Afin de mieux cerner le problème, la mission souhaite que soit mesurer précisément l’ampleur du harcèlement par cycle scolaire et par régions. Un point sur la qualité du climat scolaire devra être fait chaque année, dans chaque académie. Les sénateurs demandent surtout à que les faits de harcèlement remontent systématiquement au niveau de l’académie. « Nous voulons sortir les faits de harcèlement des critères de classement des établissements. Afin de ne pas décourager les remontés d’information », indique Sabine Van Heghe, présidente PS de la mission d’information.

La mission entend « accélérer la prise de conscience » par des recommandations faciles et efficaces à mettre en œuvre. Les numéros dédiés le 3018 et le 3020 doivent être plus visibles dans les établissements et figurer sur les carnets de correspondance. Pour mieux sensibiliser les parents, un « flyer » d’information rappelant le droit existant, les numéros d’appel, ainsi que les sanctions encourues doit être largement diffusé à chaque rentrée.

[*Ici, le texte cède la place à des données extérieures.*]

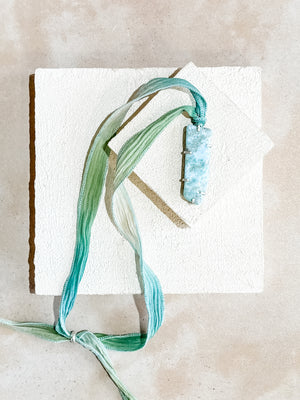 Larimar Ribbon Necklace No. 3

Les sénateurs souhaitent à tout prix éviter que les victimes de harcèlement soient amenées à quitter l’établissement et préconisent pour les enfants harceleurs des travaux d’intérêt général et des stages de citoyenneté.

En guise de prévention, le ministre de l’Education estime pourtant ne pas être à la traîne, avec la généralisation, à la rentrée 2021 le programme « pHARE » dans tous les établissements. Il conduit à la formation des professeurs et la mise en place de référent anti-harcèlement. « De même, nous responsabilisons les élèves avec des ambassadeurs contre le harcèlement dans tous les établissements, avec des formations pour ces élèves », a-t-il rappelé, en septembre aux questions d’actualité au gouvernement du Sénat.

» Lire notre article. Cyberharcèlement : Jean-Michel Blanquer recevra « l’ensemble des responsables des réseaux sociaux » lundi prochain

Le ministre a néanmoins concédé « une limite » de son action en ce qui concerne la lutte contre le cyberharcèlement.

La mission d’information a auditionné les « représentants des principaux réseaux sociaux au mois de juin (Facebook, Instagram Snapchat, TikTok, Twitter ayant refusé d’y participer). « Les standards de la communauté définissent ce qui est autorisé et ce qui n’est pas. Le harcèlement est interdit sur nos plateformes. « Au premier trimestre 2021, sur les contenus de cyberharcèlement, nous avons supprimé 8,8 millions de contenus sur Facebook, 5,5 millions sur Instagram », avait expliqué Capucine Tuffier, directrice des politiques publiques d’Instagram France.

« Former à une éthique et un code de bonne conduite du numérique »

Les représentants des réseaux sociaux s’étaient montrés peu favorables à une interdiction de l’anonymat des utilisateurs, préférant, eux aussi, miser sur la prévention. « Au-delà de la levée de l’anonymat, l’étape numéro 1, c’est d’abord d’éduquer, il faut former à une éthique et un code de bonne conduite du numérique », avait lancé Jean Gonié directeur des politiques publiques de Snapchat Europe.

C’est la voie que suivent les sénateurs dans leurs préconisations, en obligeant les réseaux sociaux « à présenter de manière explicite et compréhensible des extraits des principales conditions d’utilisation, relatives au cyberharcèlement ». De même, les plateformes devraient présenter périodiquement à leurs utilisateurs, « une courte vidéo de sensibilisation sur les bons usages du numérique ».

>> Lire notre article. Fin de l’anonymat sur les réseaux : Facebook, Instagram, Snapchat et TikTok ne likent pas… devant les sénateurs

« Stress-tests » pour vérifier les protocoles de cyberharcèlement

Afin de prendre la mesure de leurs actions contre le cyberharcèlement, les sénateurs leur demandent aussi de réaliser « des stress-tests » pour vérifier leur protocole. En cas de refus, « l’instauration du name and shame » incitera les réseaux sociaux à être véritablement moteurs dans la lutte contre le cyberharcèlement scolaire », estiment les sénateurs.

Jean-Michel Blanquer a déjà indiqué qu’il porterait une attention particulière aux travaux du Sénat.